The man, arrested in June by the Coast Guard Administration, received the sentence for contravening the Immigration Act (入出國及移民法) after he entered Taiwan without the necessary permits, the court said in a statement.
The verdict can be appealed.
Photo courtesy of the Coast Guard Administration via CNA
Under the law, people who enter Taiwan without permission are subject to jail terms of up to five years and/or a fine of up to NT$500,000.
The suspect, identified as a 60-year-old man surnamed Ruan (阮), said he was restricted from leaving China over online speech issues.
He brought a speedboat for 36,000 yuan (US $5,036) at Sandu’ao port in Ningde in China’s Fujian Province on the morning of June 8, and then set off from the port by speedboat at about 10pm the same day, according to a statement issued by the Shilin District Prosecutors' Office on Aug. 14.

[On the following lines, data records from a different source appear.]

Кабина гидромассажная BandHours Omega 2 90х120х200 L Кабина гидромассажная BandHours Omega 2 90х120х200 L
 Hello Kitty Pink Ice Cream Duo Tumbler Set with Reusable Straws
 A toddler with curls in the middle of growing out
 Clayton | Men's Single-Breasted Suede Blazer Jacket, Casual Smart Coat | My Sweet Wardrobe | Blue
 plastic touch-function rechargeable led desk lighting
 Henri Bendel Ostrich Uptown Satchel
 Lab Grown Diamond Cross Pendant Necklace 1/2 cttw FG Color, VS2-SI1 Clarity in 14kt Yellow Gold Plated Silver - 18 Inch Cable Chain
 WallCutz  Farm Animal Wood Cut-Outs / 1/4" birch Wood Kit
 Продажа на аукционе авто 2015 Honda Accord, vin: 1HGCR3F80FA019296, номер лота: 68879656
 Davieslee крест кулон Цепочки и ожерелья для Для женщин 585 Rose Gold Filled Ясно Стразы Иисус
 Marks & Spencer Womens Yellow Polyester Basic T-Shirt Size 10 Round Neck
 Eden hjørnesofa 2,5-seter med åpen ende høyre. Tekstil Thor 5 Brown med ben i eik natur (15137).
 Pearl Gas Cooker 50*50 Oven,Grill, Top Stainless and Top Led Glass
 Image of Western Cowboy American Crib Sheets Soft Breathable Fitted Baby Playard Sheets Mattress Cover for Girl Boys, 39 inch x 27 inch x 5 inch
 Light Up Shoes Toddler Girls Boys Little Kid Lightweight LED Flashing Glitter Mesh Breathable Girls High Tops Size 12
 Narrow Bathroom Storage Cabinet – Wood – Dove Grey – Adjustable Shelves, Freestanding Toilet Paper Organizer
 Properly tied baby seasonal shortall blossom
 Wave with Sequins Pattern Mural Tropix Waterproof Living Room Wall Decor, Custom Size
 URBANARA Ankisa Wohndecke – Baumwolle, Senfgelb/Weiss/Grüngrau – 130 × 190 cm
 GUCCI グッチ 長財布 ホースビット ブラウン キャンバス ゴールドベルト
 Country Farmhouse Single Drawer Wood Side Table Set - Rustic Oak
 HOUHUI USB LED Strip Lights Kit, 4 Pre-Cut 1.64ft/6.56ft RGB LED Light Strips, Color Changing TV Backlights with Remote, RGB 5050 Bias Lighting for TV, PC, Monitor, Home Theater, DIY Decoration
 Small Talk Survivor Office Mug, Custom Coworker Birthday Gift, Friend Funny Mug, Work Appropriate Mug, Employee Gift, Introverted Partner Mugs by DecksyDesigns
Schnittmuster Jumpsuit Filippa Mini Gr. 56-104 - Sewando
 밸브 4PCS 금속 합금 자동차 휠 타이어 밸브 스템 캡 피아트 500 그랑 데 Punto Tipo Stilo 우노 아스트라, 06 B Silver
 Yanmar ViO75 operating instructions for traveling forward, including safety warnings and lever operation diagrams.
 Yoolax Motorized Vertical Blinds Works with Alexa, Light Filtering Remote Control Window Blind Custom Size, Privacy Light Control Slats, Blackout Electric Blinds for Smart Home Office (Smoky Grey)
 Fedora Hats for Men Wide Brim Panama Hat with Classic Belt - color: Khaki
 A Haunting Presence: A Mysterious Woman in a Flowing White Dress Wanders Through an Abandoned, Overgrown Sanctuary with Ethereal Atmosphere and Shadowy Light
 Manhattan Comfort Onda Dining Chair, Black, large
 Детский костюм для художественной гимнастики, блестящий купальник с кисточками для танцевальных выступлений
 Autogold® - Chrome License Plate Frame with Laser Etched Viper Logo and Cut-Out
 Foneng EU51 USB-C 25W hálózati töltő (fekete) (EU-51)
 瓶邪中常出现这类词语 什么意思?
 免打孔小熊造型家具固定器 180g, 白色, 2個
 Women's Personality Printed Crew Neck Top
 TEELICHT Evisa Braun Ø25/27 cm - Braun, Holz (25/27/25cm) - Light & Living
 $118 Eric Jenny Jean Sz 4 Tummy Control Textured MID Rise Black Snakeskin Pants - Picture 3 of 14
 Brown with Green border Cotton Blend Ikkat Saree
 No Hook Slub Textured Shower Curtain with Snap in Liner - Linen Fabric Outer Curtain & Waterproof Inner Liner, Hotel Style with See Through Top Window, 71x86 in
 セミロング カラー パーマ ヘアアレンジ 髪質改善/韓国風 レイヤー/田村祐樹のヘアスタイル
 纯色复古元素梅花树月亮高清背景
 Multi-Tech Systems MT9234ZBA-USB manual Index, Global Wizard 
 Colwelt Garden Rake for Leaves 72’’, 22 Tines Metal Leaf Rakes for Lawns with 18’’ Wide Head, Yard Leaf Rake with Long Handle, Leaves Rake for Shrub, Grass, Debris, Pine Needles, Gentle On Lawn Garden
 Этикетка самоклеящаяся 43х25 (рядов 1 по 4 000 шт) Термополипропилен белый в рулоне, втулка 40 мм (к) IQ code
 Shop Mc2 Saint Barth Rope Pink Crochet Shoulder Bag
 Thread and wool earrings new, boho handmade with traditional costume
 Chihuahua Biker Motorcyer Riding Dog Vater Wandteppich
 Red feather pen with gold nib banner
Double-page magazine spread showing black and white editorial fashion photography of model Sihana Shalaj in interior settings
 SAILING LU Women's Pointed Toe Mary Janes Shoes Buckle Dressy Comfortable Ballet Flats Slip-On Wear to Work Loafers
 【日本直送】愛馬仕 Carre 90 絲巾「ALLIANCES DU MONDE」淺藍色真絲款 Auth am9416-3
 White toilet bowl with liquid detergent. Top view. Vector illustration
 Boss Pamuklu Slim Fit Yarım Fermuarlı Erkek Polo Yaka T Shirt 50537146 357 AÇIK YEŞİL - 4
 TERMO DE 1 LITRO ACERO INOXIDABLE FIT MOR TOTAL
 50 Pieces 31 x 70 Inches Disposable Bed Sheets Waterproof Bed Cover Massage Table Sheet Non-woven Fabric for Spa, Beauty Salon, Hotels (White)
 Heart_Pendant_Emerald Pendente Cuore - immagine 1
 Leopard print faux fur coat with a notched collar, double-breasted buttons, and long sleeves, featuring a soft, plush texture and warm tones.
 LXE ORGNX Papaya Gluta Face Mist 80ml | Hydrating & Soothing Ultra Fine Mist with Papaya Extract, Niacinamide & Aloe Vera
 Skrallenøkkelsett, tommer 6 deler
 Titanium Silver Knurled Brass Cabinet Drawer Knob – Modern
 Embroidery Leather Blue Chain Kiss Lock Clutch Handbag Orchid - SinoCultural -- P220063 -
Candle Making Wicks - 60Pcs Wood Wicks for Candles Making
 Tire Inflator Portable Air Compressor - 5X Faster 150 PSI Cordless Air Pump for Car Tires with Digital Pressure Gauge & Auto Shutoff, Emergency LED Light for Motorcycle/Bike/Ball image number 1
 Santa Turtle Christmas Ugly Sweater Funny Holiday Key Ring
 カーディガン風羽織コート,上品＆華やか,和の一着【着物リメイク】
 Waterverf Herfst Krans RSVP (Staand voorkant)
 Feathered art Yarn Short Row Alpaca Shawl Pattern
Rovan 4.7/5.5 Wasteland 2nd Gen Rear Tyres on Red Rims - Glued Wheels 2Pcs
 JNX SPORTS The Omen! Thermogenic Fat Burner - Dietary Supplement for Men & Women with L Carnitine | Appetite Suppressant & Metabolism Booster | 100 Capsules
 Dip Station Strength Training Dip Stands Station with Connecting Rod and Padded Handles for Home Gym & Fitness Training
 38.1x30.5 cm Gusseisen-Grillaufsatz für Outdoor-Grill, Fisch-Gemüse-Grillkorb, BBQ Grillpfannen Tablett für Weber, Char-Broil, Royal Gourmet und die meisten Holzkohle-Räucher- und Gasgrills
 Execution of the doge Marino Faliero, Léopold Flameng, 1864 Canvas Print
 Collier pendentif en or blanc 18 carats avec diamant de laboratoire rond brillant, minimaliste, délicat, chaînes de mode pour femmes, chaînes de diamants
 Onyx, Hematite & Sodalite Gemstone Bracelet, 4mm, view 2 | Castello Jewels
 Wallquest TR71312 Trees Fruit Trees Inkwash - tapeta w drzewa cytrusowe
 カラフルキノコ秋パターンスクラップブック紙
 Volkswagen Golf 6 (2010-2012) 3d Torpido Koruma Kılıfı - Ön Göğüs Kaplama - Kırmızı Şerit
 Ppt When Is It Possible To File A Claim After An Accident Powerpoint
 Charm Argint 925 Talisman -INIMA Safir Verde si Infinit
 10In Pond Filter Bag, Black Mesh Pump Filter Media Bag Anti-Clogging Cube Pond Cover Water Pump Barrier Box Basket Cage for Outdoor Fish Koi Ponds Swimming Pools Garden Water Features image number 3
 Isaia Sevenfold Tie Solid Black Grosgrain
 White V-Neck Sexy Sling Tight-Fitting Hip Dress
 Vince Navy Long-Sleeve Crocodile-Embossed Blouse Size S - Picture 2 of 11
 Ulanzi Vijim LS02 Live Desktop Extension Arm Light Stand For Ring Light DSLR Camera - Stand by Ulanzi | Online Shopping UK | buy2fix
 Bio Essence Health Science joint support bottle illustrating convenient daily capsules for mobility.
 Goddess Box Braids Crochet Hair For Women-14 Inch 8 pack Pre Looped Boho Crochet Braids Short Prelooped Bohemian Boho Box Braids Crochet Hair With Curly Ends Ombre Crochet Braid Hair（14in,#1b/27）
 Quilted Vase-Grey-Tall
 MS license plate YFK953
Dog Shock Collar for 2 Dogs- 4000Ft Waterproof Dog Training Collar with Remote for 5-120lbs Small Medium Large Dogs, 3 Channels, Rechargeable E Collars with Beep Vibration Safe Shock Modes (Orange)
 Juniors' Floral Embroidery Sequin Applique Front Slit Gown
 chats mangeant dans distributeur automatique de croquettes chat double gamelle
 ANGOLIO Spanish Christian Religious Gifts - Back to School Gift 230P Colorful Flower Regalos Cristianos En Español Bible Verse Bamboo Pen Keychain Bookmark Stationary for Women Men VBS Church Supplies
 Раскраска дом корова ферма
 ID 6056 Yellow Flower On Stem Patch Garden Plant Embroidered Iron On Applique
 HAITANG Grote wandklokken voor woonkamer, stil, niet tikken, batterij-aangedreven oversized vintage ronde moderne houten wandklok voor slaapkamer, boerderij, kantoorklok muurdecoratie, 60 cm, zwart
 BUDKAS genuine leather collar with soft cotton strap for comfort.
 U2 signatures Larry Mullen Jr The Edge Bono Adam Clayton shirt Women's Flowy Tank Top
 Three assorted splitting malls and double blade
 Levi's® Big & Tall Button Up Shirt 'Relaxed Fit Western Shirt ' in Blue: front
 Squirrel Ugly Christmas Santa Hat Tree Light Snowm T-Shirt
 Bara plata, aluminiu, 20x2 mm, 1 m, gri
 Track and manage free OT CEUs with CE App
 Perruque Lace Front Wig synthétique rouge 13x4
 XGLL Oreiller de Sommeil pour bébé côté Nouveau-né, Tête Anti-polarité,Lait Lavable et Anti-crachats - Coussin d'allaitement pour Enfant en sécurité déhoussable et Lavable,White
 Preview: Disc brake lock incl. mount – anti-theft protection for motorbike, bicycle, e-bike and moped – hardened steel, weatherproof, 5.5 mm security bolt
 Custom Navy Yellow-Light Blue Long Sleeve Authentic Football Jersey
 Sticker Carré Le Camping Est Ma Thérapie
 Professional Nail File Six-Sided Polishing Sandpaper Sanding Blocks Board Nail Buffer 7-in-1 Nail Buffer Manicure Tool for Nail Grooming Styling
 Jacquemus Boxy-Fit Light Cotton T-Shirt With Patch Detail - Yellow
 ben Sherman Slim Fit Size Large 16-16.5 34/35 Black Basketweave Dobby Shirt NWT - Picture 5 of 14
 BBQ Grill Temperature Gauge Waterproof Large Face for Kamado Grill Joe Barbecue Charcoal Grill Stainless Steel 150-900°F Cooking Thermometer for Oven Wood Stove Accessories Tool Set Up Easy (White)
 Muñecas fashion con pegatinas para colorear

Ruan drove the boat to Taiwan and arrived at a Tamsui ferry pier in northern Taiwan at about 9am the next day.
The coast guard began monitoring the small boat after it received a report that the vessel had hit a local commercial passenger vessel while approaching Fisherman’s Wharf, the prosecutors' office said.
The man then went ashore and said he wanted to surrender.
He said: “I wanted to flee from there” and “I came from China for democracy,” but he was arrested by the coast guard, which also seized his boat and GPS receiver, the office said.
The Shilin District Court on June 17 approved a request by prosecutors to detain Ruan and hold him incommunicado.
It also ruled that he should be held in custody at a National Immigration Agency detention center.
The court yesterday ruled that the man had taken steps to surrender himself voluntarily to authorities, so deserved a more lenient sentence.
Whether or not the Chinese man will be forced to leave the country will be left to the discretion of the administrative agency, according to the district court.